Victory on rBGH Labeling in Pennsylvania!

The Pennsylvania Department of Agriculture (PDA) has backed down from a controversial ban on the use of labels on milk products. The agency had issued new rules in October, set to go into effect February 1st that would have barred dairy companies or milk producers from labeling their products as from cows not treated with rBGH. PDA argued that a misleading impression might be conveyed by identifying milk as coming from cows not treated with synthetic hormones. Pennsylvania would have been the first state to implement such a labeling ban.

The ban was rescinded yesterday after a review by Pennsylvania Governor Rendell due to consumer outcry.

Though labels are once again permitted to mention that hormones were not used, the standards require a disclaimer stating that the FDA has found no difference in milk from cows injected with the synthetic hormone and milk from cows that are not injected. Such disclaimers already are printed on many dairy products. The new regulations also require dairies to maintain procedures to verify any production methods claimed on their labels, including keeping a paper audit trail. (Read "State Revises Hormone Label for Milk", The New York Times for more information)

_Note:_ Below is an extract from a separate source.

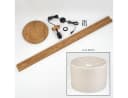 hofstein Stehlampe Boho-Style Holz/Stoff Beige/Weiß E27 Bild 5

Pennsylvania was the first state to consider putting such a labeling ban in place, but other states including Washington, Missouri, and Ohio, seem to be following suit by considering regulations similar to those which Pennsylvania abandoned today. New Jersey had until recently taken the matter under consideration but has since determined not to take action.

While the U.S. Food and Drug Administration has ruled that rbGH use is safe, serious human and animal health questions remain, and it has been prohibited in Canada and the European Union. U.S. consumers have shown they prefer rBGH-free products, and that they want them labeled as such. In fact, an April 2007 Lake Research Partners national survey shows that eight in ten adults (80%) feel dairy products originating from cows that have not been treated with rBGH should be allowed to be labeled as such.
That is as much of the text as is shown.